One of the teams I build agents for is an executive search firm. Their single biggest time sink is not talking to people. It is finding them.
Here is the manual version. A recruiter opens the database and reviews candidates one at a time, roughly 25 to 30 seconds each. To build a batch of 50 worth a human look, that is about ninety minutes. Then the next role opens and the clock starts over. Multiply by every search running at once and you get a team spending its best hours scrolling instead of closing.
Move the human from finding to judging
So we are building an agent that runs while everyone sleeps.
It takes two things: the role spec, and a benchmark profile of what great looks like for this search.

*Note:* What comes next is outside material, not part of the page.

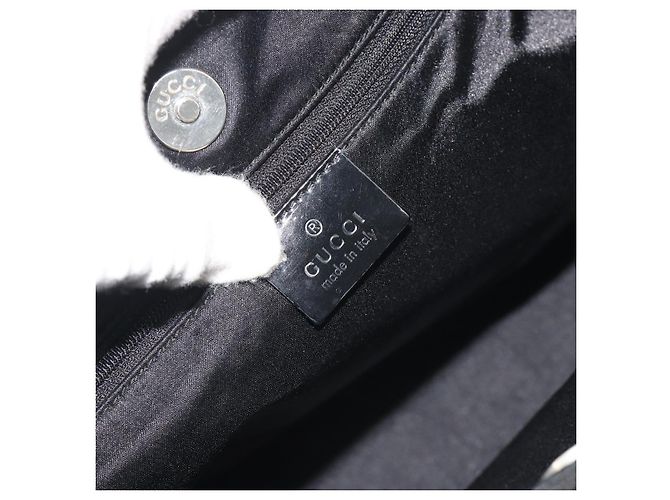 Borsa a tracolla GUCCI Canvas Black Silver Auth ep15152 Nero Argento - vista 18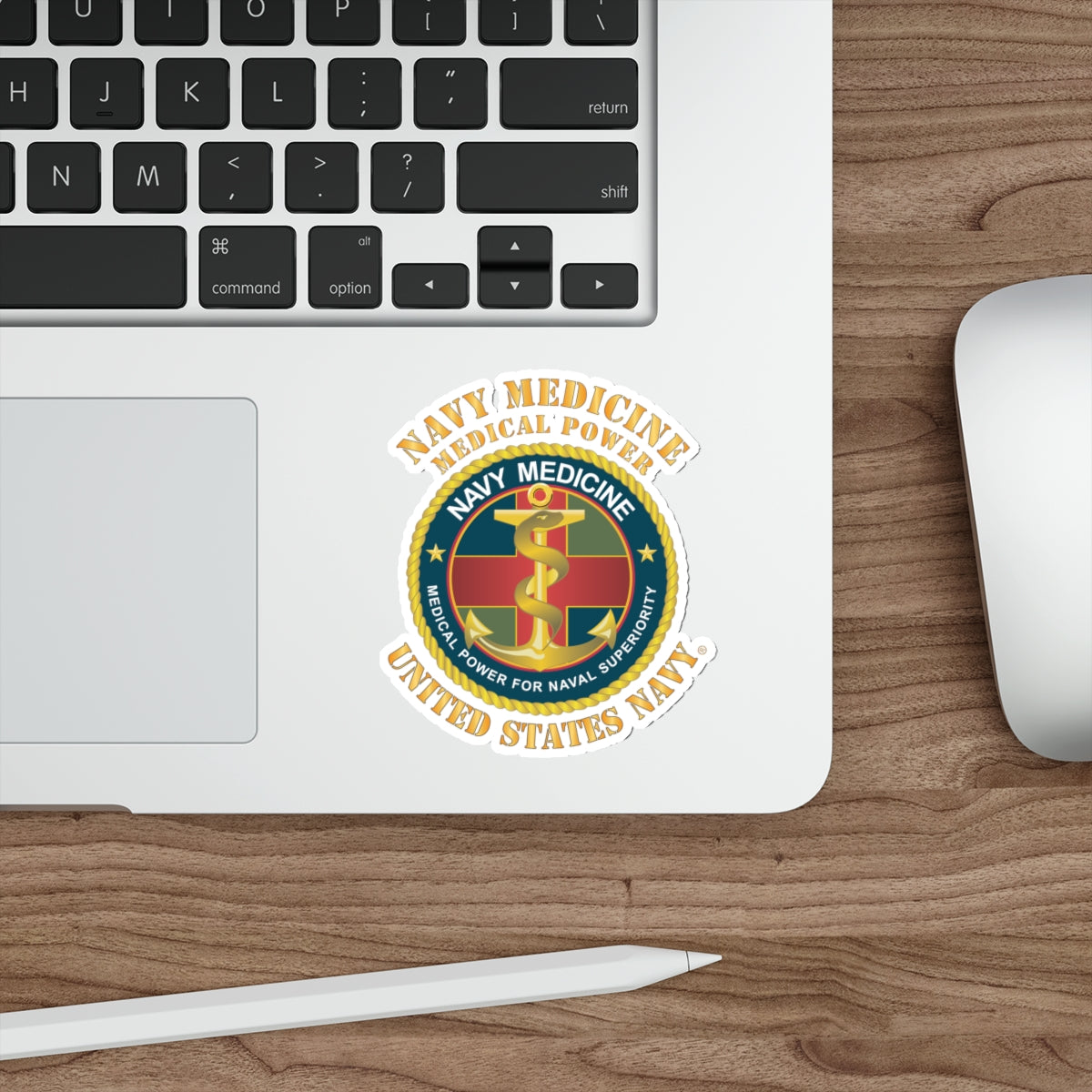 Die-Cut Vinyl Sticker - Navy Medicine - Medical Power for Naval Superiority X 300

Overnight it reads the full 70,000-record database, scores each person against the requirements, separates dealbreakers from nice-to-haves, and ranks what is left. By the time the first recruiter has coffee, the pipeline is already populated with scored, ranked candidates.
The recruiter never touches the search bar. They start the day at the part only a human should do: deciding.
Why this shape works
The machine is not making the hire. It is doing the reading. A person still reviews every name near the top, still makes the call, still runs the conversation. What changed is where their attention lands. Ninety minutes of scanning became five minutes of judging a list the agent already narrowed.
There is also a coverage win nobody asks for but everybody wants. A human scans what a human can get through. The agent reads all 70,000, every night, for every open role at once. The good candidate buried on page 40 of a search from two years ago finally gets surfaced.
That is the version of AI at work I actually believe in. Not replace the recruiter. Give the recruiter a morning that starts at the decision instead of the search.